It’s unclear how the Mosier derailment will affect Washington’s ongoing permitting processes for the Vancouver terminal. But Oregon Gov. Kate Brown, both Oregon senators and two Oregon House representatives have called for a moratorium on oil train traffic through the Columbia River Gorge until Union Pacific has a clear explanation for what caused the crash.
“A cynic might say it won’t change,” says Eric Quaempts, fisheries director for the Confederated Tribes of the Umatilla Indian Reservation. “But the early signs are that it’s increased awareness and maybe the landscape will shift.”
While Union Pacific has so far agreed to keep oil trains out of Mosier in the aftermath, it’s worked quickly to get regular rail service back up for its other customers.
In town on Sunday, the twisted tanker cars sit in an orderly line along one side of the tracks. They’re just visible from the white-and-magenta, two-story school, which has been pressed into service as an impromptu incident command center, housing 60 or 70 people from the multiple local, state, and federal agencies involved in cleanup.

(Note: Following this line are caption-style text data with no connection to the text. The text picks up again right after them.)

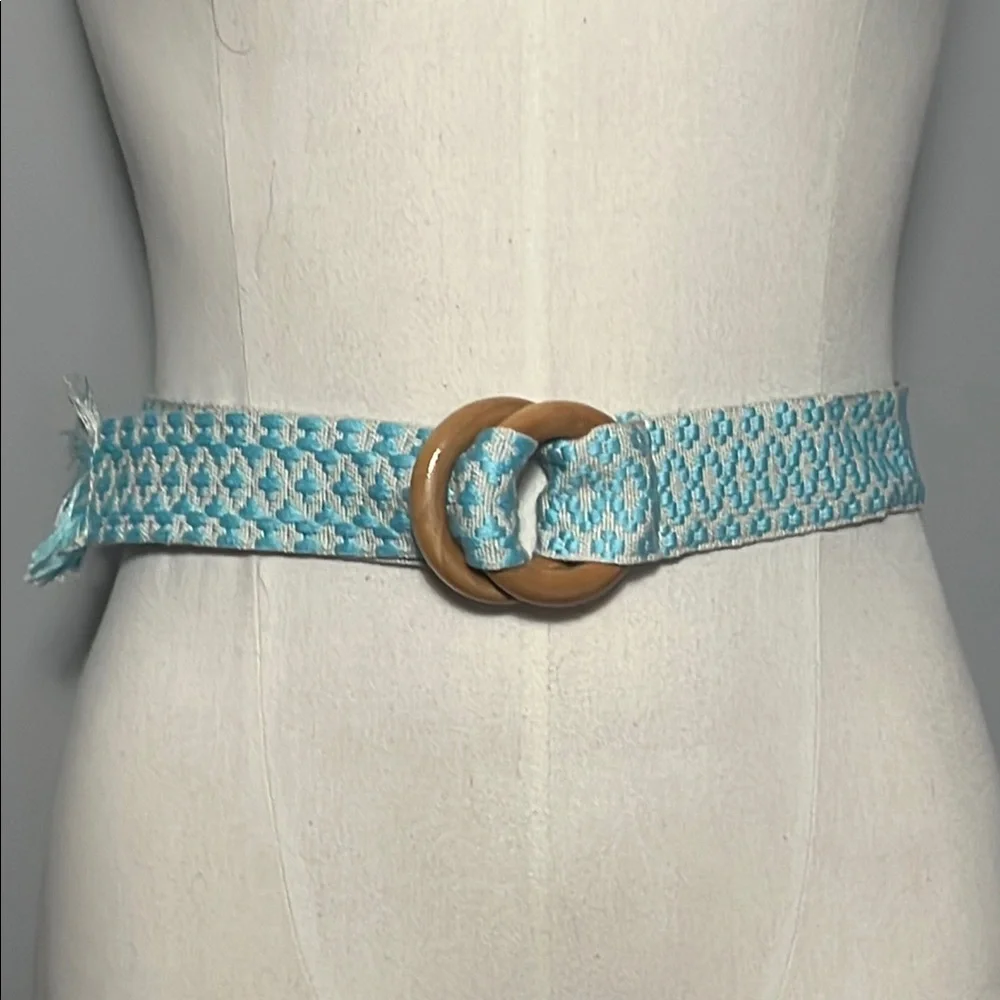 LAST CHANCE Woven Fabric Belt Blue Cream Geometric Print Bamboo Style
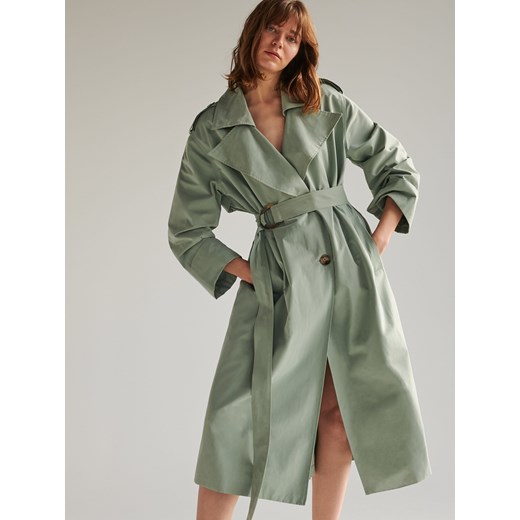 Reserved - Długi trencz z paskiem - Turkusowy Reserved  L 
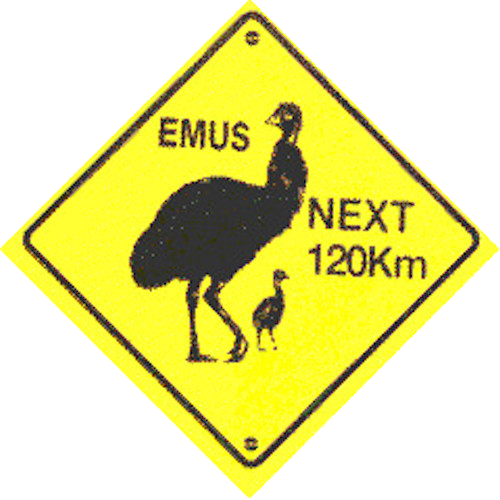 Emus Next 120 Km' Plastic Roadsign Medium
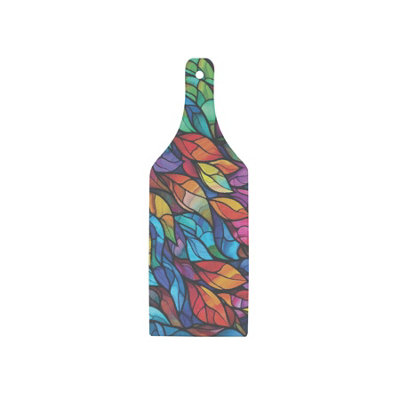 B&Q -  Stained Glass Pattern Bottle Serving BoardGlass Kitchenware Platter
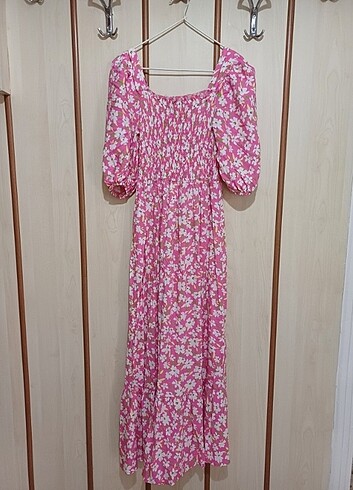 l Beden pembe Renk Pembe Çiçekli Midi Elbise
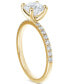 Diamond Solitaire Round-Cut Pavé Engagement Ring (7/8 ct. t.w.) in 14k Gold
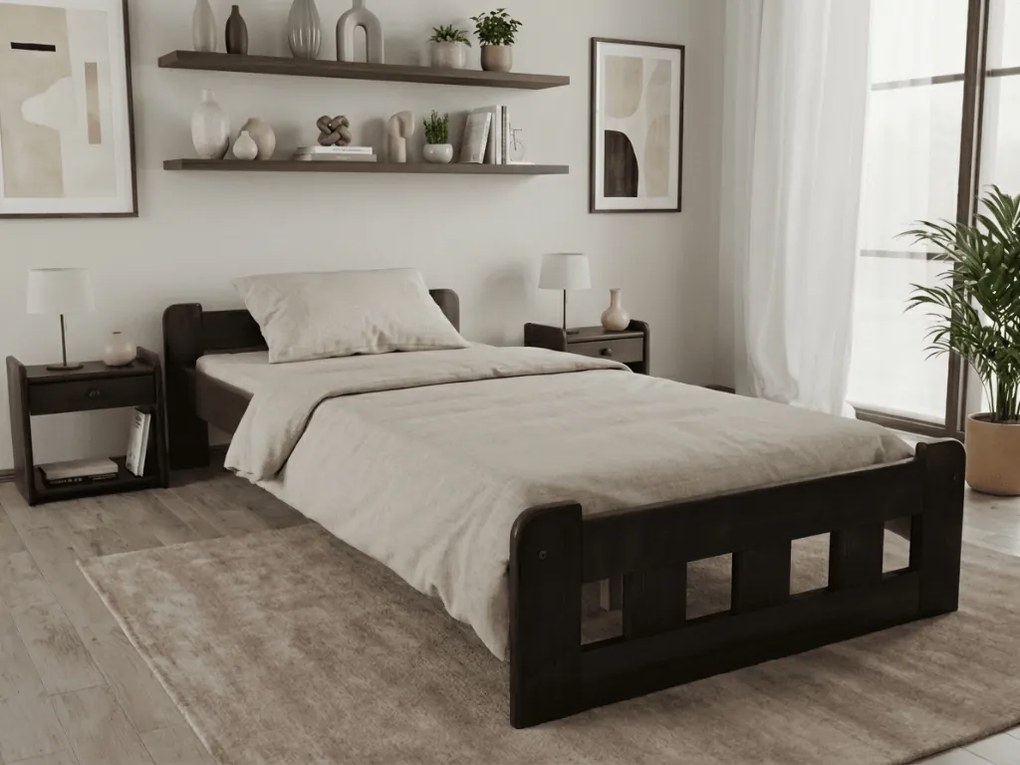 Pat de o persoana inalt Naomi 90x200 cm, nuc Saltele: Cu saltele Somnia 18 cm, Somiera pat: Cu lamele curbate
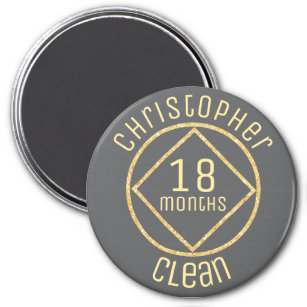 Personalized NA Narcotics Anonymous 18 months card Magnet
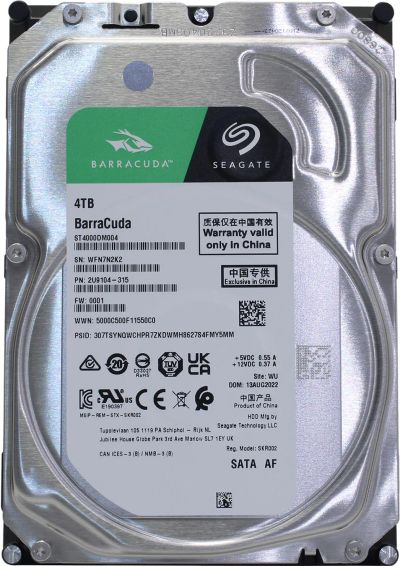 Лот: 20180106. Фото: 1. Жёсткий диск 4 ТБ Seagate BarraCuda... Жёсткие диски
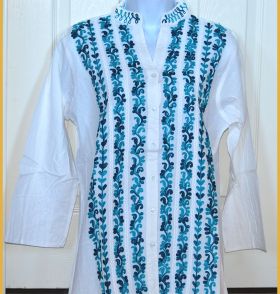 Embroidered White Cotton Tunic Top Kurti 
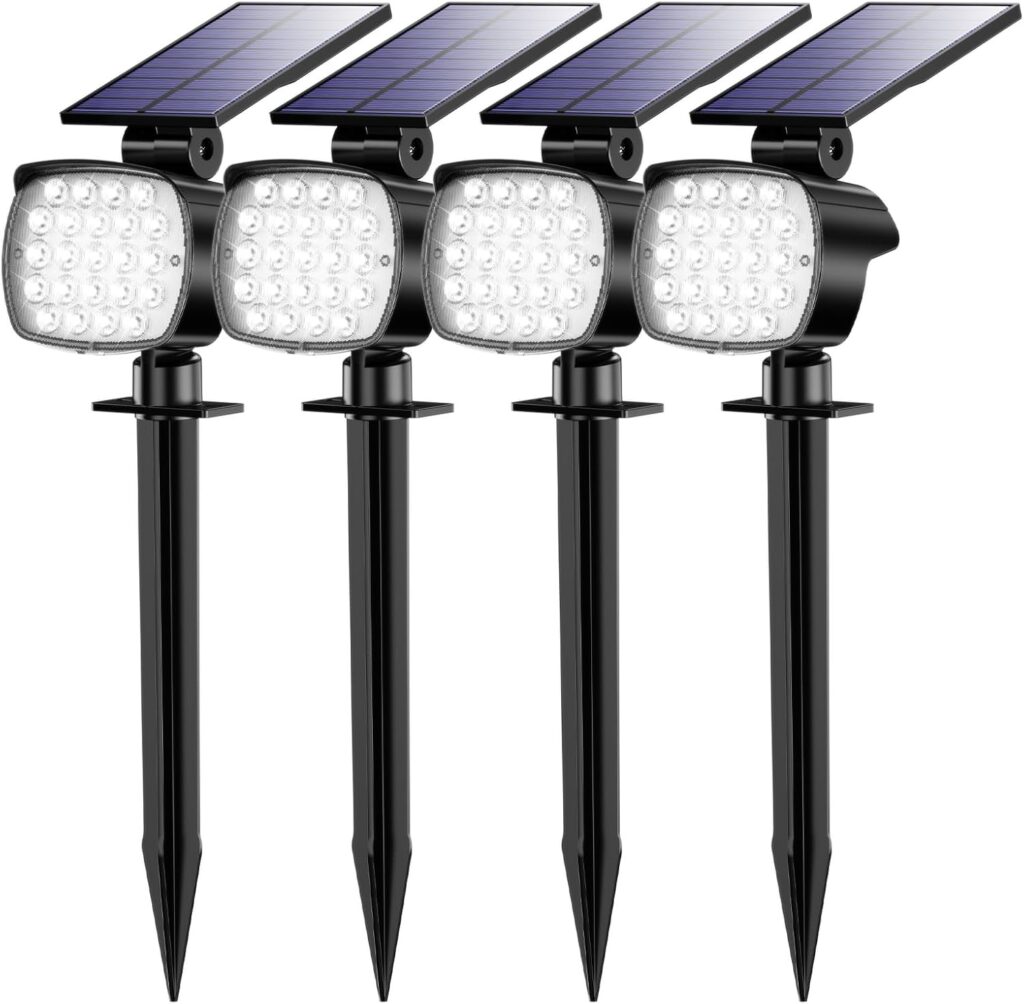hyrion Solar Spot Light Outdoor Waterproof IP65, 23 LED 3 Lighting Modes Solar Powered Garden Lights Landscape Lighting for Yard,Tree Lawn, Pathway 4 Pack Cool White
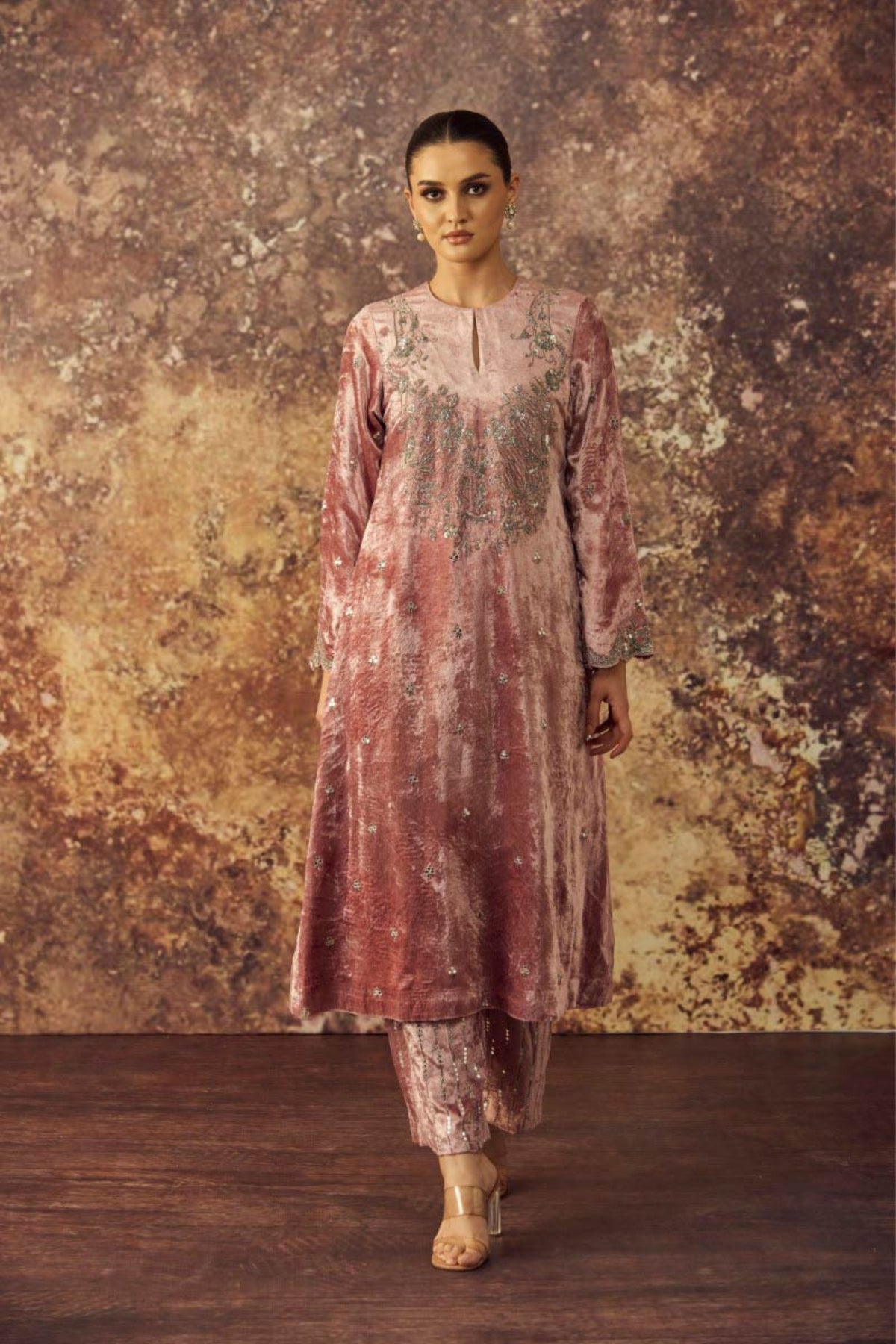 Pink Embroidered Kurta Set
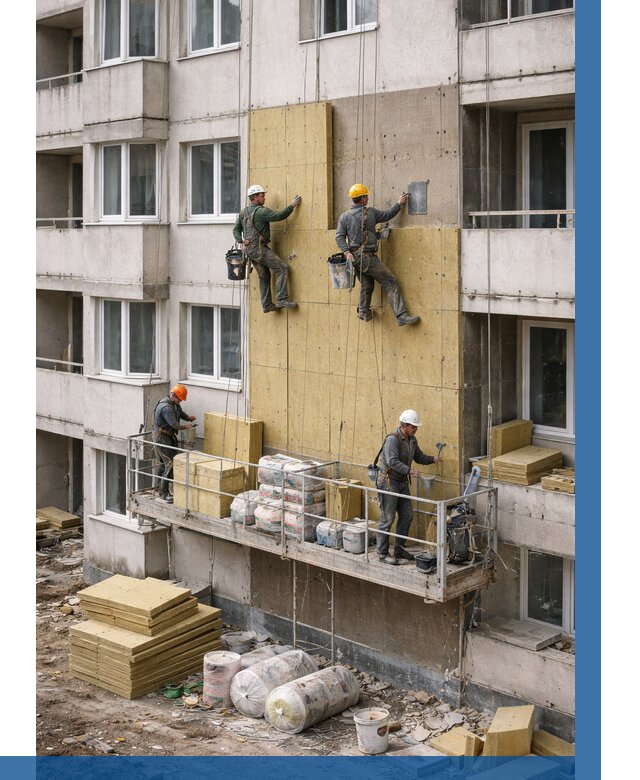 Утепление фасада минватой в Энгельсе от 1599 р. | ВЫСОТНИК-Энг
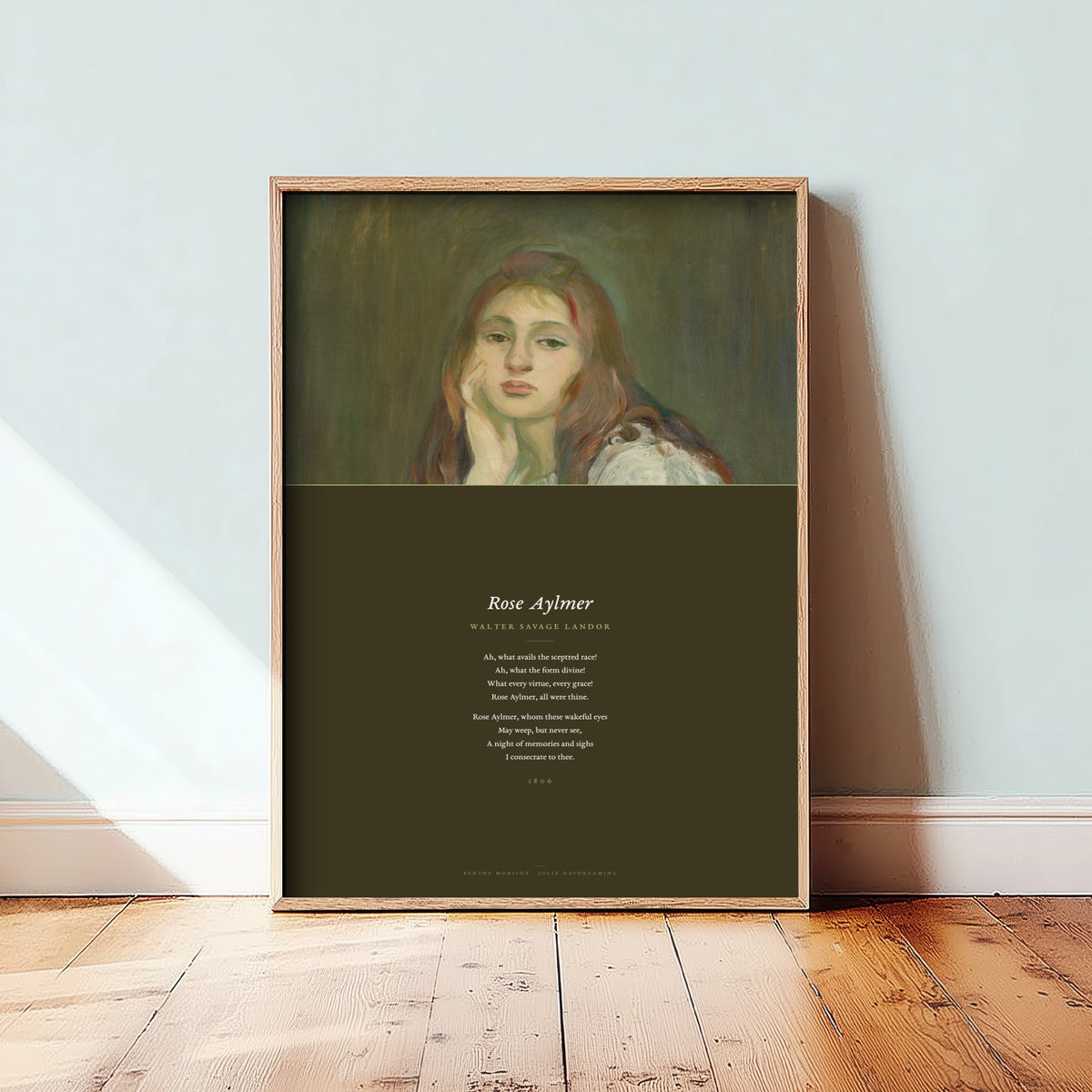 Rose Aylmer by Walter Savage Landor Art Print - Full Poem Poster - Elegy beneath Julie Daydreaming Impressionist Painting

Signs on the doors warn residents to boil their water and avoid using drains or flushing toilets, because the crash damaged the sewage treatment plant. White trailers, tents and spill-response trucks line the lawn, and sheriff’s deputies man a safety checkpoint beside a farmer’s market sign. Beyond the equipment and a tangle of greenery, a hive of workers in orange safety vests and hard hats labor in hundred-degree heat to lay new rails, ties and ballast. By nightfall on the day of my visit, they will have freight trains running slowly past the yet-to-be-drained oil cars, over the oil-soaked ground, and against the wishes of Mosier City Council. Union Pacific insists that the operation is safe. “The community is at the forefront of our efforts,” spokesman Justin Jacobs told the Associated Press. “We’re absolutely aware of their concerns.”
Yet residents remain wary.
“I do not want to see another big catastrophe right off the bat,” says Acting Mayor Emily Reed, Young’s wife, looking toward the construction from the schoolyard. Oil trains haven’t been a major focus for her before, Reed says with a tight laugh. “I’ll probably be more active now … I already am.”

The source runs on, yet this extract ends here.